Second, to reduce inflation, most national banks of countries have to increase


interest rates, reduce money supply in the market, sell foreign currencies to
maintain the value of domestic currencies. Particularly, the US Federal Reserve
(Fed) has significantly increased interest rates to raise the value of the USD,
causing other currencies to depreciate, forcing central banks of countries
worldwide to raise interest rates to protect their domestic currencies, reduce
inflation. The appreciation of the USD makes the cost of purchasing oil, other
goods of these countries more expensive, forcing businesses to reduce costs and
production scale, consumers to reduce spending, and increase savings. This leads
to a decrease in demand for oil and reduces oil prices.

3.3. Predictions about the oil economy


3.3.1 Forecast of global oil supply and demand
According to OPEC's forecast, in 2023, global oil demand will continue to be
maintained at an average of 101.82 million barrels per day after unfavorable
signals for economic recovery and development gradually decrease, such as the
Russia-Ukraine conflict and the gradual lifting of economic sanctions by China.
The estimated total production output of non-OPEC and OPEC countries
producing non-standard oil is 72.55 million barrels per day (Table 6). The rest will
be supplied by OPEC member countries.

Table 6: Total global oil supply and demand in 2023 (unit: Million barrels/day)
According to the forecast by the US Energy Information Administration (EIA): In
2023, the estimated total global oil demand is 101.06 million barrels per day and
the total production output of countries is about 100.82 million barrels per day. The
shortfall of 0.24 million barrels will be taken from reserves.

3.3.2. Oil prices


According to EIA forecasts: Due to the decrease in oil from reserves being used up
at the end of 2022 and the beginning of 2023, coupled with information about
China starting to lift restrictions on COVID-19 prevention to resume production,
Brent oil prices are expected to rise above $90 per barrel in the first half of 2023
and will decrease by the end of 2023 when oil reserves are fully filled. Therefore,
the forecasted average price of Brent oil for 2023 is $92 per barrel, while WTI oil
is forecasted to average $86.36 per barrel.

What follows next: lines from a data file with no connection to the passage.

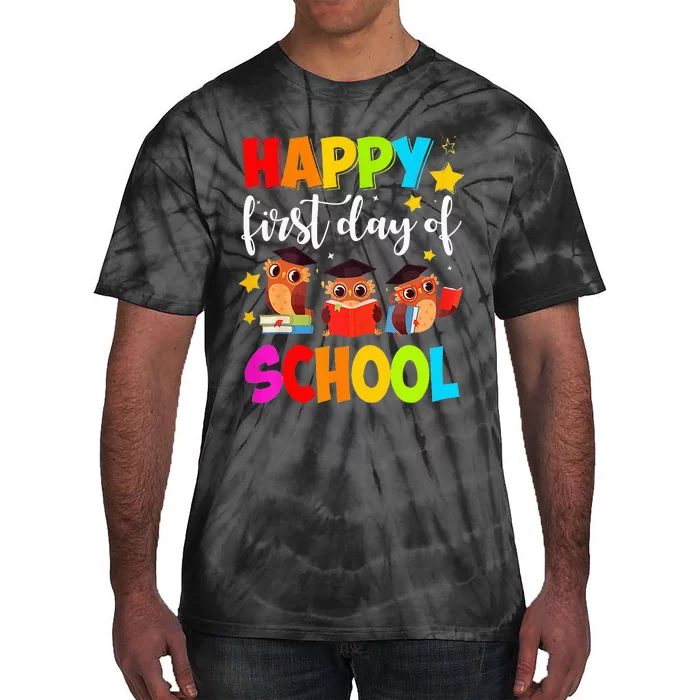 Cute Owls Happy First Day of School Students Parents Tie-Dye T-Shirt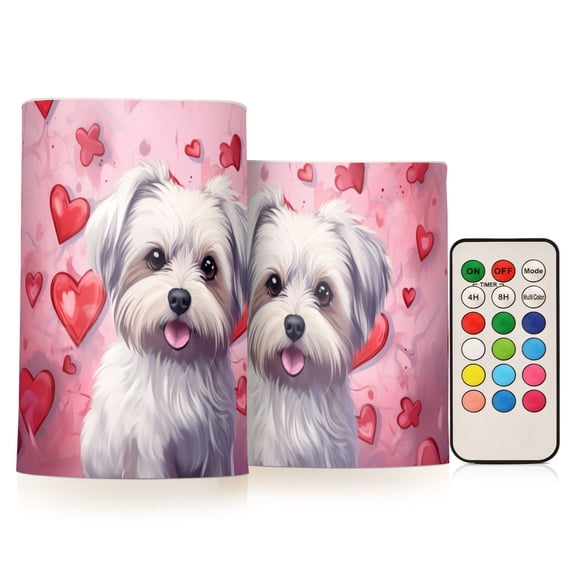 Dog Hearts Pink Flameless CandlesLED Lights Battery Operated Candles with Remote and Timers Flicker Lights Votive Set of 2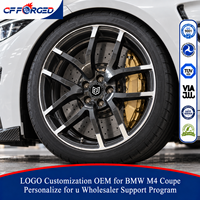 Jantes de voiture en alliage forgé de luxe monobloc 19 20 21 pouces, face usinée, 5x112, concaves profondes, à rayons fendus pour BMW M4 Coupé
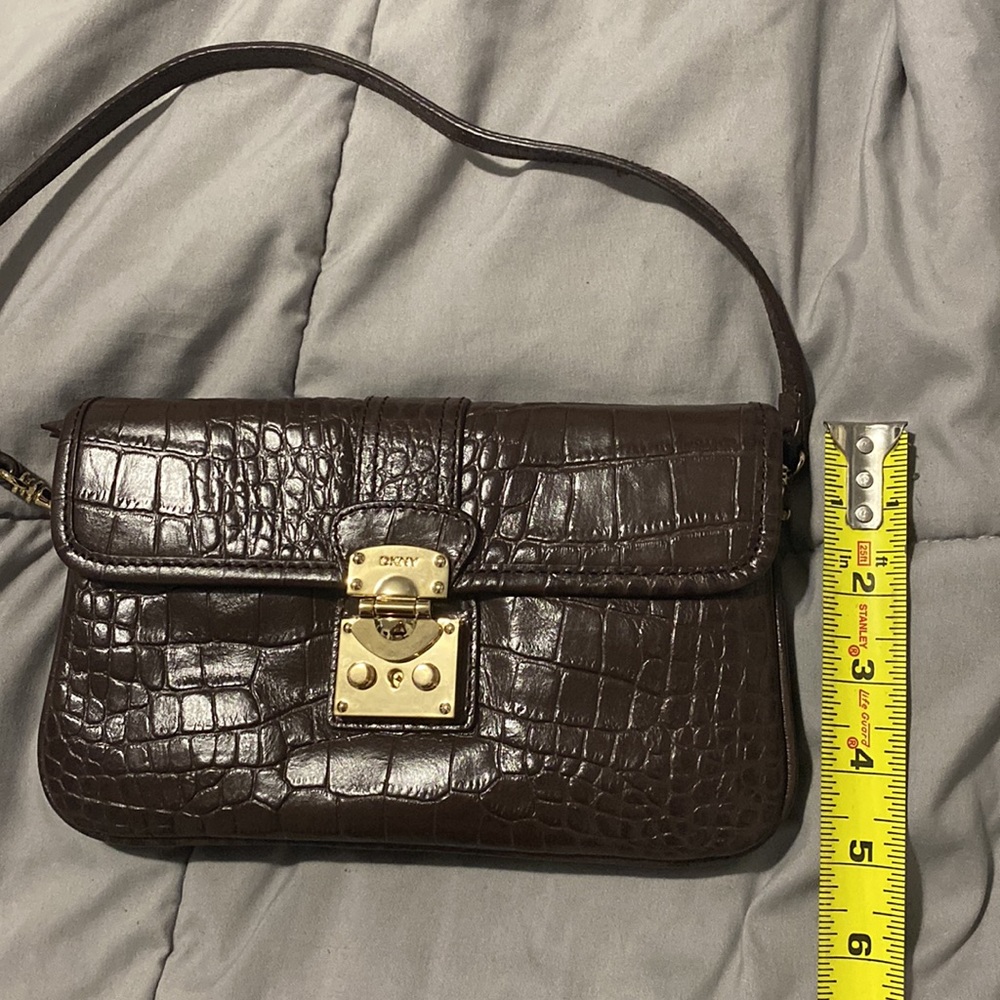 DKNY Brown Baguette Clutch - Picture 7 of 7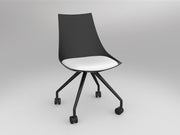 Luna Chair with Castor Base Black White PU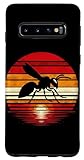 Hülle für Galaxy S10 Wespen Sonnenuntergang Retro Stil Safari Vintage 70er Jahre Insekten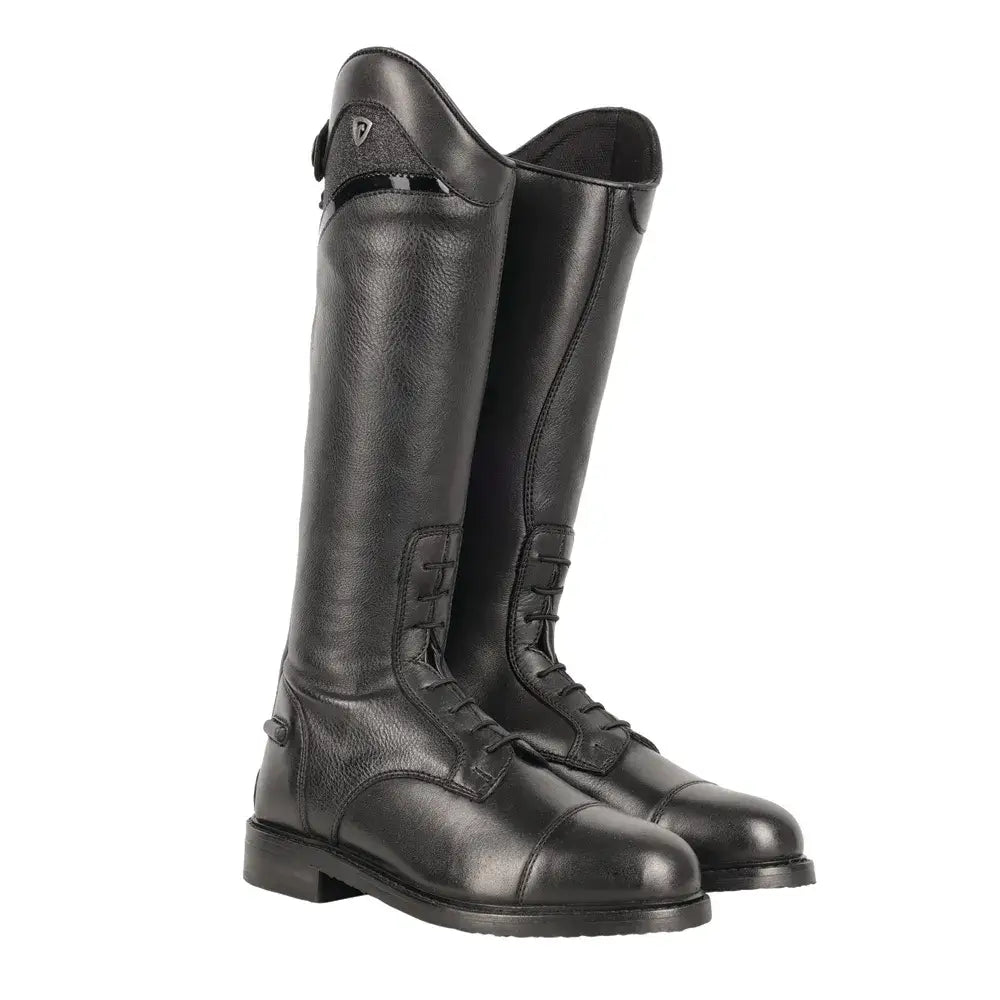 Black leather children’s equestrian atrani riding boot with sleek polished finish and classic lace-up design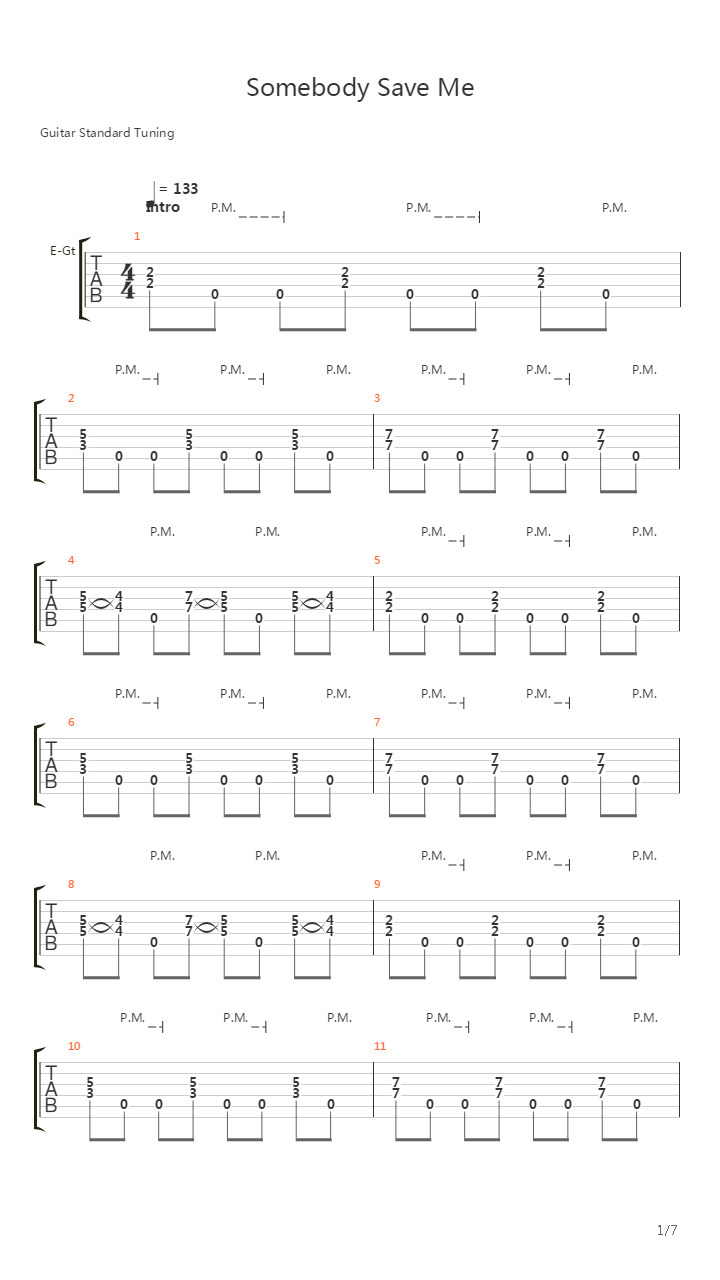 Somebody Save Me吉他谱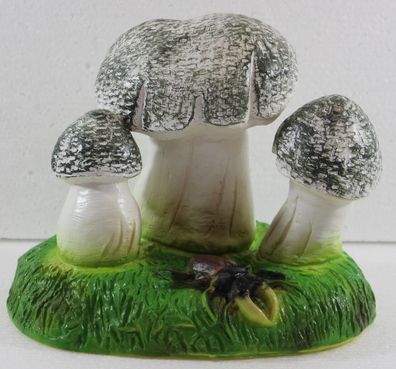 Deko Garten Figur Tierfigur drei Pilze mit Hirschkäfer aus Kunststoff Höhe 15 cm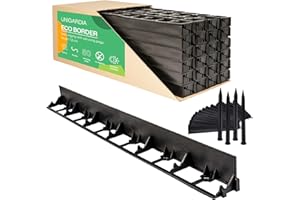 UNIGARDIA Flexible Lawn Edging 12 m - Invisible Plastic Garden Edge with 50 Securing Pegs - Easy to Use, Weather Resistant - Grass, Flowerbed & Path Border Edging, Height 78 mm, Black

According to JP Morgan's forecast: In 2022, the global economy experienced


significant shocks in oil prices, interest rates, inflation, so in 2023, the barriers to
economic growth are still tightening monetary policies that are increasing among
central banks, the Russia-Ukraine conflict has not ended, and China's level of
economic openness in COVID-19 prevention is still uncertain, so the average
forecasted Brent oil price in 2023 is $90 per barrel, and WTI oil is $83 per barrel.